Para el cristiano el día del descanso semanal es el domingo, el día en que conmemoramos la Resurrección de Cristo. El Catecismo de la Iglesia Católica señala que “durante el domingo y las otras fiestas de precepto, los fieles se abstendrán de entregarse a trabajos o actividades que impidan el culto debido a Dios, la alegría propia del día del Señor, la práctica de obras de misericordia, el descanso necesario del espíritu y del cuerpo” (n. 2.185).
El descanso veraniego, propiciado por el cese en la actividad habitual, puede ser un buena oportunidad no sólo para reponer las fuerzas corporales, para hacer más deporte, para ponerse en buena forma física, sino también un espacio para el cultivo del espíritu mediante la lectura de las obras literarias que dejamos aparcadas por falta de tiempo; para el silencio, la reflexión y la oración que nos haga recobrar la paz del encuentro amigable con Dios y con nosotros mismos; para el contacto con el arte y la naturaleza que nos serene; para la convivencia con nuestros familiares y amigos que nos estrecha aún más los vínculos con quienes nos son cercanos y entrañables, sin que la prisa nos haga llevar nuestra peculiar bandera de taxi siempre bajada, porque de continuo estamos ocupados en lo nuestro.
Estemos en guardia también contra el activismo de unas vacaciones tan “movidas” y agobiantes que nos estrese aún más que el propio trabajo, que nos retorne a la vida ordinaria con cansancio en el alma, aunque el cuerpo esté bronceado.
Por eso no se trata sólo de conseguir un descanso físico, sino de lograr también la no menos necesaria paz interior.

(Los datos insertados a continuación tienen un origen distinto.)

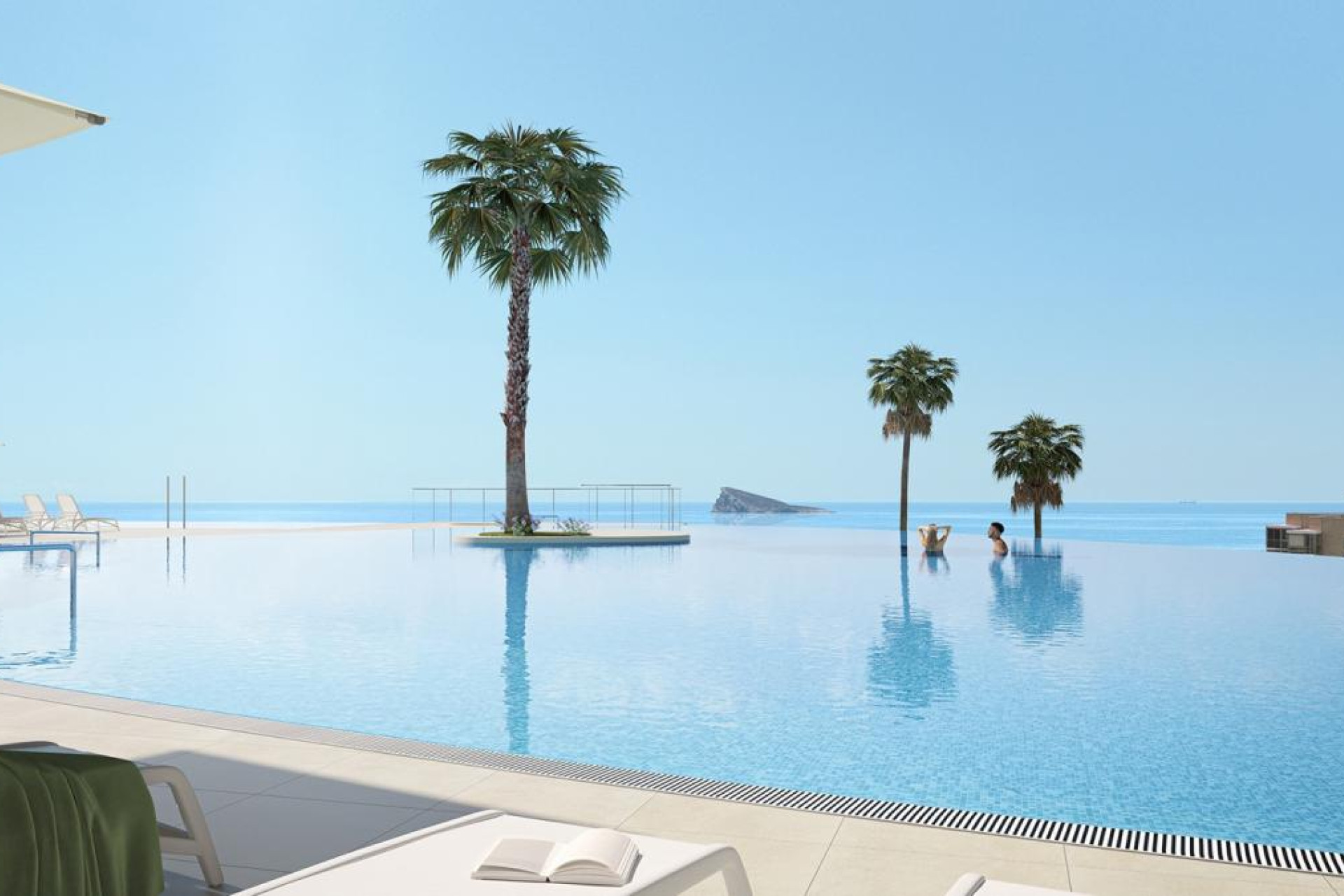 Obra nueva - Apartamento / piso - Benidorm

Para ello hemos de reivindicar el valor del silencio como un elemento necesario para encontrarnos con Dios, con los demás y hasta con nosotros mismos.
Sólo el silencio nos posibilita la atención necesaria para la más genuina de las actividades humanas: pensar. Necesitamos el silencio para reflexionar, es decir: volver sobre nosotros mismos, a fin de ganar profundidad y con ella el equilibrio necesario a fin de no perder el sentido del vivir y colocar cada cosa y acontecimiento en su justo lugar.
Las vacaciones son la gran ocasión de encontrar esta calma sigilosa: basta que -con decisión- nos aislemos un poco o nos escapemos para estar en contacto con la naturaleza, o, a lo mejor, buscarlo en el interior de una bella iglesia o monasterio, o simplemente basta con “hacerlo” en nosotros mismos. Ya verán lo elocuente que es.
Procuren, descansar, como Dios manda.